▸ **Entries taken from a collection**:
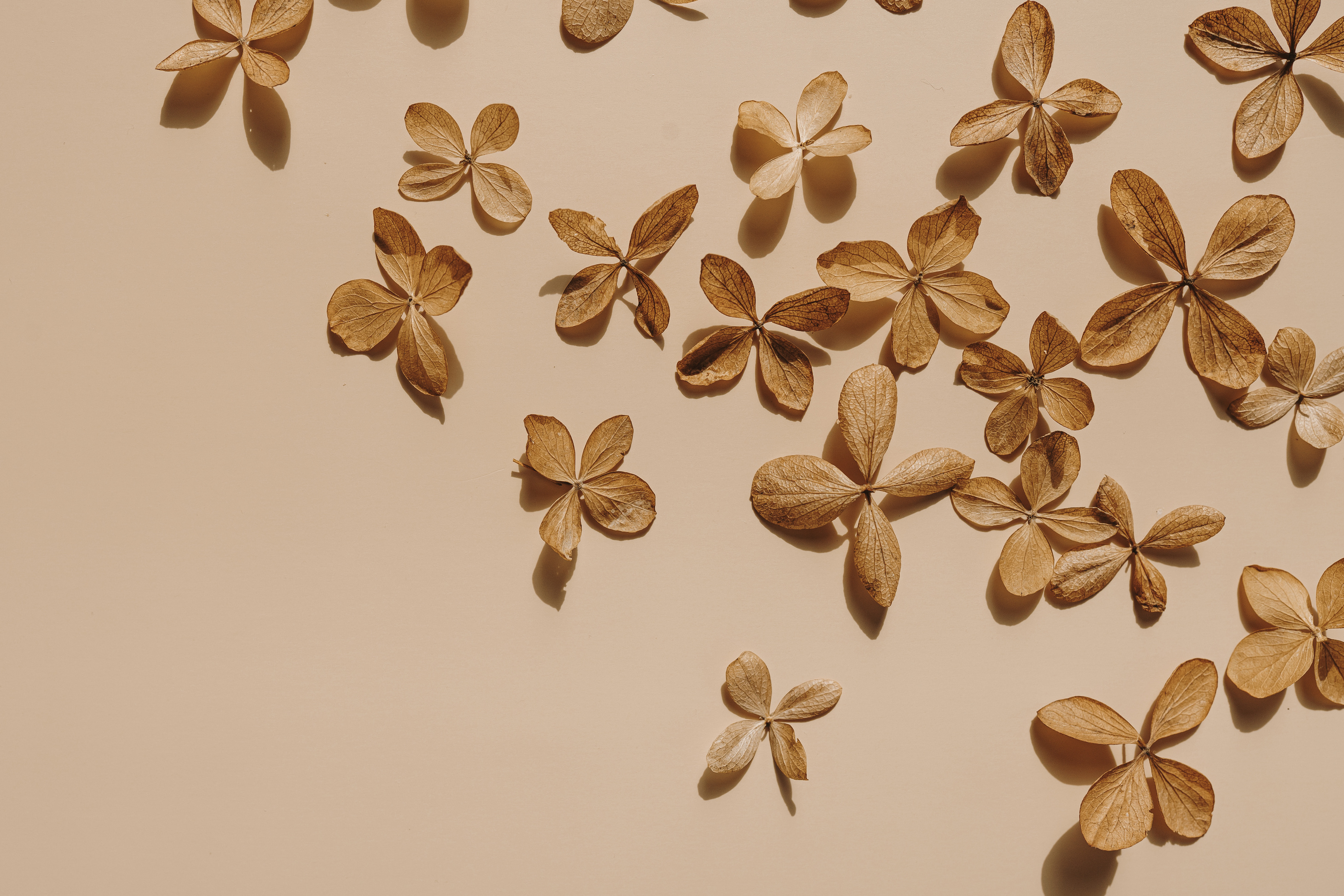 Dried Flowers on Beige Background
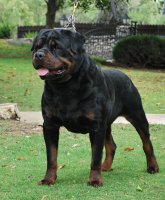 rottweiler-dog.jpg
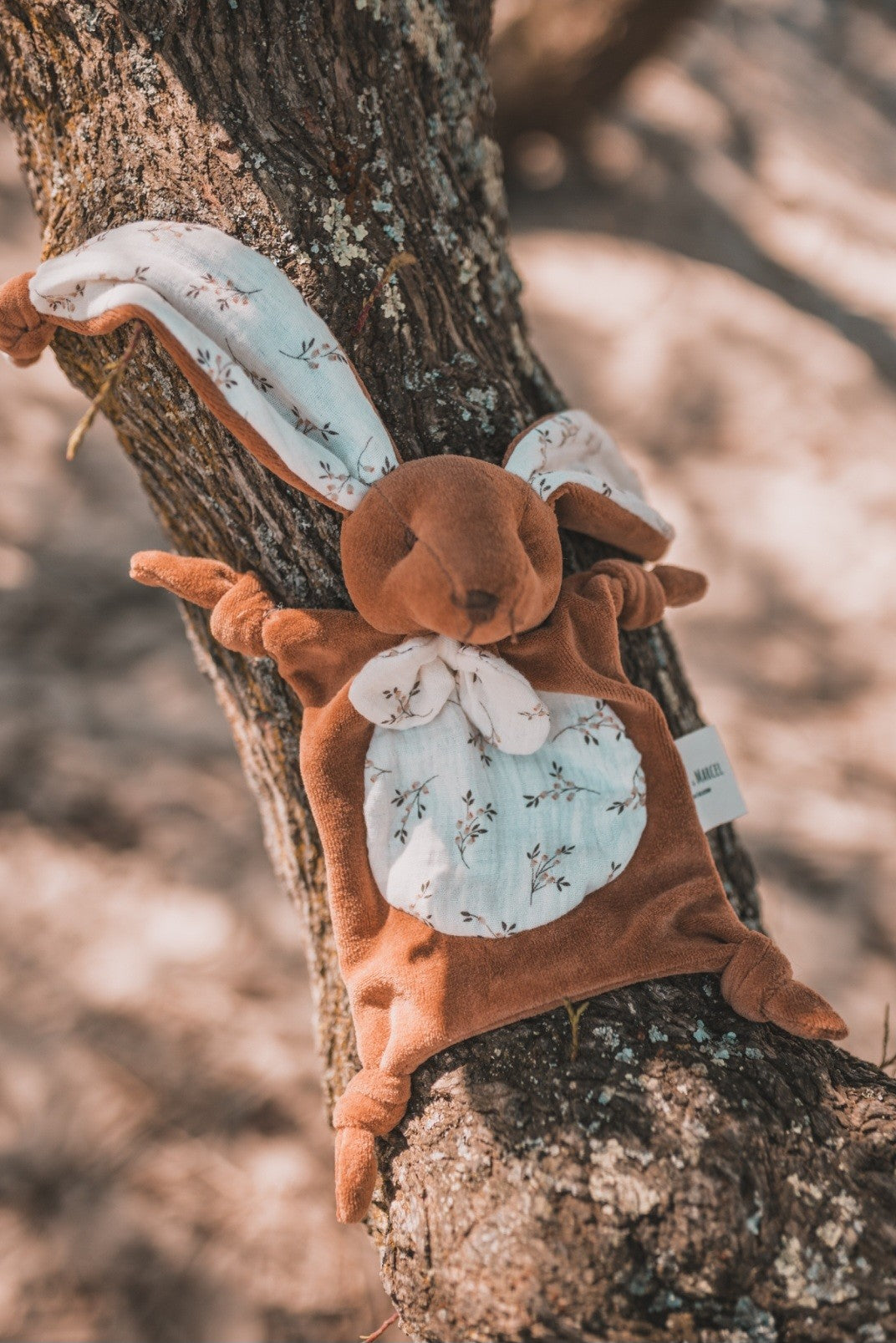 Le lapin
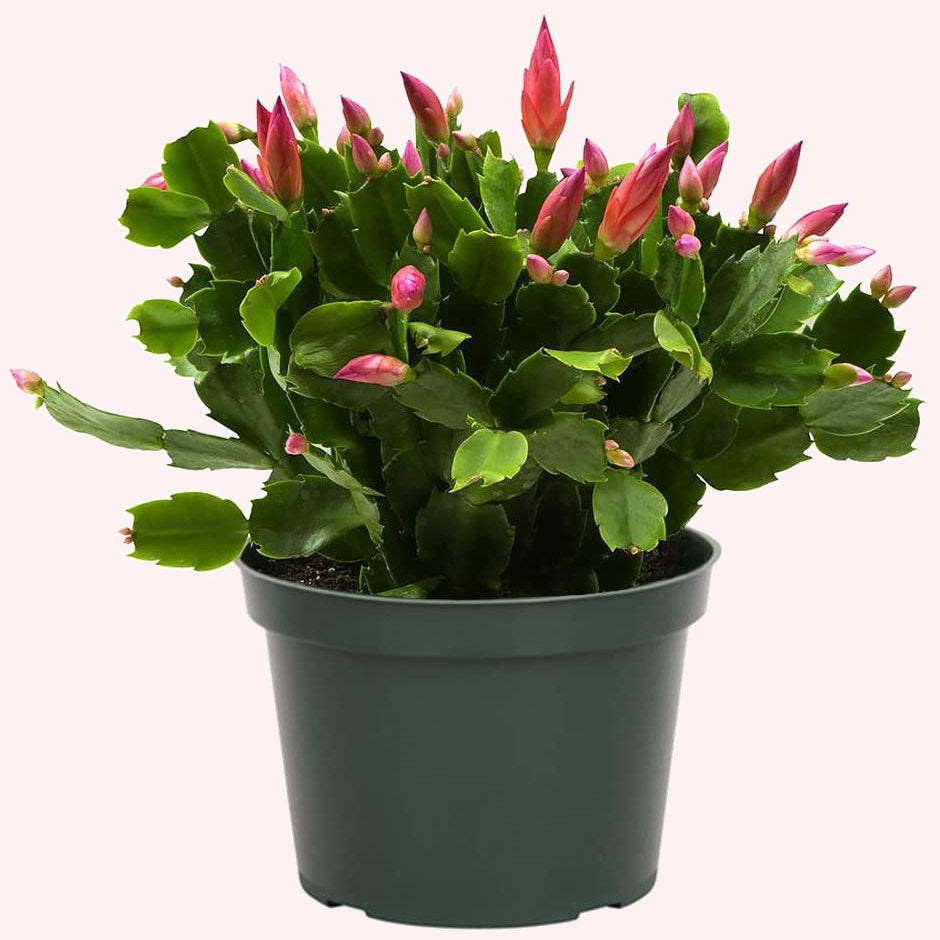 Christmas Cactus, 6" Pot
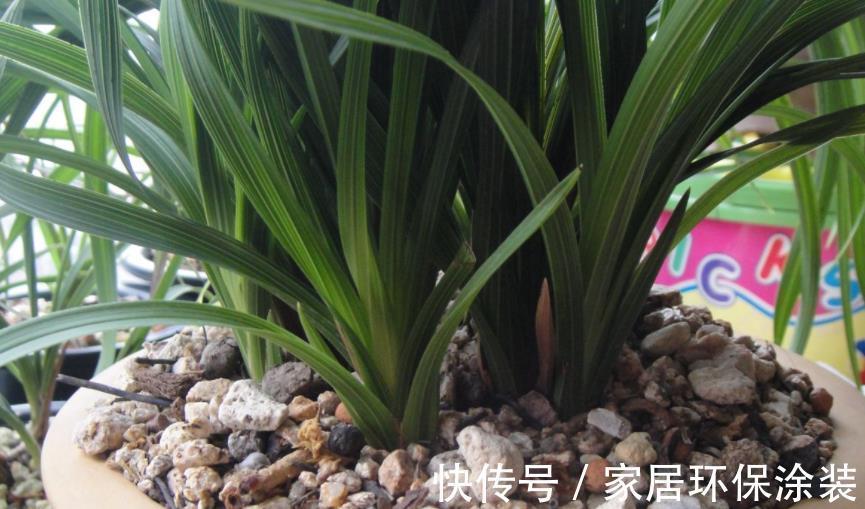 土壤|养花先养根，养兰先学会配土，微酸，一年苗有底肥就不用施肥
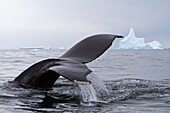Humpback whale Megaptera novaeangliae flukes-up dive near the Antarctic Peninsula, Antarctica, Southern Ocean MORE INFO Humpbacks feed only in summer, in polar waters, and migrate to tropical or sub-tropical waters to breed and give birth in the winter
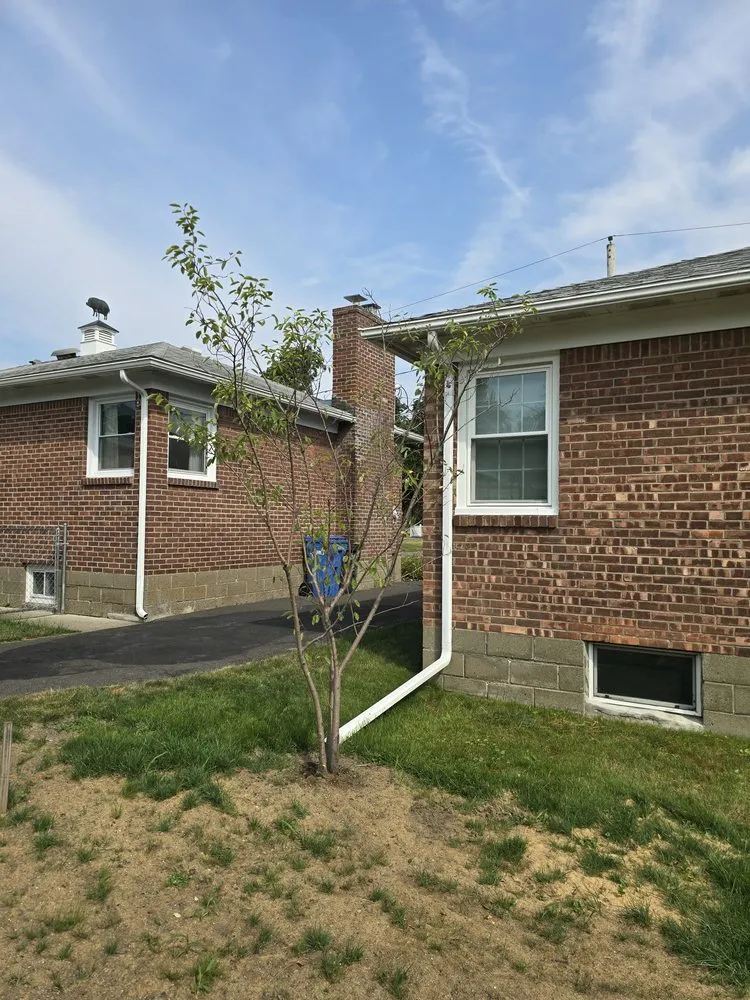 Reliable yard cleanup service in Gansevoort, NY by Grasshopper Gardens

▸ **Problem requirements**:
From the line that contains "Humpback whale Megaptera" to the last line of the data, print each line exactly, both ends included, and omit the pictures.

▸ **Finished task**:
Humpback whale Megaptera novaeangliae flukes-up dive near the Antarctic Peninsula, Antarctica, Southern Ocean MORE INFO Humpbacks feed only in summer, in polar waters, and migrate to tropical or sub-tropical waters to breed and give birth in the winter
 Reliable yard cleanup service in Gansevoort, NY by Grasshopper Gardens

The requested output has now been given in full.